Legislative support waning for bill giving adults more time to sue for childhood sex abuse

Morning Call

July 2, 2018

By Steve Esack

Harrisburg – For more than two years, adults scarred by the memory of child sex abuse have sought personal and legal salvation in a pending state grand jury report about sexual misconduct and cover-ups in six Catholic dioceses across Pennsylvania.

They believed that the report’s publication — now delayed by the state Supreme Court — would galvanize lawmakers to pass a bill letting them have their day in civil court, too.

The goal is for the Legislature to pass a bill that will change how courts treat child sex abuse claims. They want the House and Senate to pass a bill that would lift the legal prohibition preventing adults 31 and older from retroactively suing their alleged abusers and enablers who didn’t report the crimes to authorities.

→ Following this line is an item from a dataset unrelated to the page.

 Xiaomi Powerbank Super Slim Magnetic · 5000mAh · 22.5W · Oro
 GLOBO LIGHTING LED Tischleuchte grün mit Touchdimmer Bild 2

But now support for retroactive lawsuits could be waning, according to the legislation’s prime sponsor, state Rep. Mark Rozzi, D-Berks, who says he was abused as a youth by a Catholic priest.

Rozzi said House Speaker Mike Turzai has told him he no longer supports the legislation. Turzai did in 2016, when it passed the Republican-controlled House and then failed in the GOP-led Senate, where a majority of lawmakers viewed retroactive lawsuits as unconstitutional.